For the sake of convenience, an Amazon EC2 instance has been set up to serve the API. You can easily run the tests with the following command:

python test.py -H api.rxuriguera.com -P 80

Important: The original test.py was slightly modified to send a JSON body for the POST requests. See the change below. This is done to comply with the specification in the description PDF. Please use the test.py script included in the project.

# req = urllib2.Request(url, urllib.urlencode(data))
req = urllib2.Request(url, json.dumps(data), {'Content-Type': 'application/json'})
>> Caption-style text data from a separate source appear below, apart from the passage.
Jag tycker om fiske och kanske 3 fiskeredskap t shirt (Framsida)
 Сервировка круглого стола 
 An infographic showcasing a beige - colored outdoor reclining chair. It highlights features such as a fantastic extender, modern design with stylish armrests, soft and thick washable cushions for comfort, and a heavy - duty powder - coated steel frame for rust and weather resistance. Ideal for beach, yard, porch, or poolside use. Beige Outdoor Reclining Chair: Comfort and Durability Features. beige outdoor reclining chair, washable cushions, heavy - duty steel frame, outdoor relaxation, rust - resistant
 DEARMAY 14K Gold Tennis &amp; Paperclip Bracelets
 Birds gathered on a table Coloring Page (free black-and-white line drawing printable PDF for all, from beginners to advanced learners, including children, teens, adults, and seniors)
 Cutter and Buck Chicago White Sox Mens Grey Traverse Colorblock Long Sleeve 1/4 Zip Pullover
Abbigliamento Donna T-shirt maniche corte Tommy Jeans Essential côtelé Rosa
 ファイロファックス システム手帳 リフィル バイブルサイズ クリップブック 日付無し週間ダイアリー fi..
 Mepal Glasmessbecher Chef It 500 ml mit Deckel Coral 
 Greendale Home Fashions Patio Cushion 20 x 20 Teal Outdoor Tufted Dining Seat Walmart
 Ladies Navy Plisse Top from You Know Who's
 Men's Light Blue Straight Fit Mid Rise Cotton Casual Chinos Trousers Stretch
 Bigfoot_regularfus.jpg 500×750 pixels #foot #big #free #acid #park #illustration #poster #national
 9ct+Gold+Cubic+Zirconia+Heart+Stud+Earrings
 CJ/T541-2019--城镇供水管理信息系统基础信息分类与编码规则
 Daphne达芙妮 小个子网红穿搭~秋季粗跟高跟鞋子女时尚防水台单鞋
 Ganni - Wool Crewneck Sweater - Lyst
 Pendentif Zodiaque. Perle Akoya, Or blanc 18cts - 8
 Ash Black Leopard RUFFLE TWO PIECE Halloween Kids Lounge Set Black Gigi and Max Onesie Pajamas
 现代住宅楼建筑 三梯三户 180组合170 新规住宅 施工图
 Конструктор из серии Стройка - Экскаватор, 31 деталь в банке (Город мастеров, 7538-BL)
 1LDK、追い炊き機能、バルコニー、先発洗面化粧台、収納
There is an additional API endpoint not present in the specification to reinitialize the database: POST /truncate_tables. The body of the request must contain a security flag set to true:

{"truncate": true}

A Jmeter JMX test plan is included along the source code. It can be used to easily test the performance of the API. Below are some request times in milliseconds. Network latencies are included (server in central Europe).

Endpoint Concurrent Users Total Calls Mean Median 90% Line 95% Line
add_channel 50 50000 94 89 121 134
add_performer 50 50000 92 88 126 221
add_song 50 50000 105 104 133 143
add_play 50 50000 181 187 243 263

Querying a dataset of 10 channels, 30 songs and 1M plays spanning from 2015-01 to 2016-12 yielded the following results:

Endpoint Concurrent Users Total Calls Mean Median 90% Line 95% Line
get_channel_plays 10 10000 91 88 109 121
get_song_plays 10 10000 88 85 115 125
get_top 10 10000 765 743 1250 1454

Request times for the get_channel_plays and get_song_plays are strongly dependent on the start-end parameters. The broader the time range, the longer the response body which in turn results in higher network latencies. High get_top time is due to the complexity of the query.

Design Choices

No admin site or forms are needed for this pilot, so the lightweight Flask framework was chosen to implement the API. Unlike other specialized frameworks such as Django REST Frmaework, Flask comes with no serializers. Marshmallow handles object serialization/deserialization and validation.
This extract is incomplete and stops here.